Remote sensing of shortwave solar radiation and near-surface air temperature changes in the south-eastern baltic

The main aim of this work is to determine shortwave solar radiation and near surface air temperatures changes in the south-eastern (SE) Baltic region during 2000-2013 using satellite data and remote sensing methods. The amount of solar radiation that reaches the Earth surface (both land and sea surfaces) and its atmosphere defines the local temperatures, meteorological conditions and may indicate climate change processes in the environment systems. Therefore solar radiation reaching the Earth is the main energy source governing the surface temperature dynamics both on the land and in the ocean. While the grid of meteorological stations measuring the solar radiation is rather sparse, satellite remote sensing data can be effectively used instead. However, the latter should also be treated carefully taking into account signal absorption, atmospheric clarity, could coverage, etc. In this work Terra and Aqua, MODIS and AIRS data of 15 x 15 km resolution was used to evaluate the incoming shortwave solar radiation and near-surface air temperature in the SE Baltic. Space-derived estimates were then compared with regular observations taken at the meteorological stations. The results of the work fairly demonstrate how CM SAF satellite data could be applied for the coastal climate zone indication, breeze dynamics research and cartography of the whole Baltic region.

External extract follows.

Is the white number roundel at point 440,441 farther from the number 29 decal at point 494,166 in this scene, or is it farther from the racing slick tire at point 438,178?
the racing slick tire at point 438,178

Space-derived parameters of coastal upwelling in the SE Baltic Sea

In this work we present a basic statistics of coastal upwelling parameters inferred from satellite infrared (IR) Terra/Aqua MODIS sea surface temperature (SST) maps acquired over the South-Eastern (SE) Baltic Sea between 2000 and 2013. The maximum observed SST gradients across the front were up to 1.6 °C/km, temperature drop up to 14°C with total upwelling-affected area up to 16000 km2. The observed horizontal scale of the upwelling is about 100-400 km along the coast, and 10-20 km (max 70-80 km) cross-shore. The duration of the upwelling in this part of the sea is from several days up to several weeks. It is found that intensive coastal upwelling in the SE Baltic may lead up to 40-km long intrusion of relatively cold and saline sea water into the Curonian Lagoon forming very pronounced property gradients there and affecting nearly a half of the Lithuanian part of the lagoon.

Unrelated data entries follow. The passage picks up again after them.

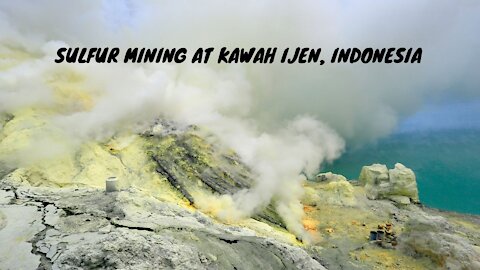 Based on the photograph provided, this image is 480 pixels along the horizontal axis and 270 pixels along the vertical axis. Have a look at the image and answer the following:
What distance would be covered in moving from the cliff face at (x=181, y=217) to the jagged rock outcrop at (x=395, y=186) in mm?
92

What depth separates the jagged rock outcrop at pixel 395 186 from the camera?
35812 millimetres

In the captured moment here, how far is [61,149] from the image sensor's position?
22875 millimetres

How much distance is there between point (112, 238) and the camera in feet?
30.9

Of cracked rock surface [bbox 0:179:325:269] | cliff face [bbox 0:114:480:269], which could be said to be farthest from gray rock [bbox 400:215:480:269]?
cracked rock surface [bbox 0:179:325:269]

Advancing coastal upwelling observations with use of SAR data: Case study from SE Baltic

Nowadays exploitation of satellite data, mostly infrared and visible, became a regular practice for upwelling detection and analysis. At the same time these types of satellite data strongly depend on sun illumination conditions and cloud cover, with the latter being very limiting factor specifically for the Baltic Sea. In this case SAR (Synthetic Aperture Radar) imagery not affected by clouds and with high spatial resolution can significantly contribute to upwelling observations. The aims of this study are to show how SAR complements both in situ and satellite optical data, and to examine general SAR limitations to observe sea surface temperature (SST) fronts associated with coastal upwelling.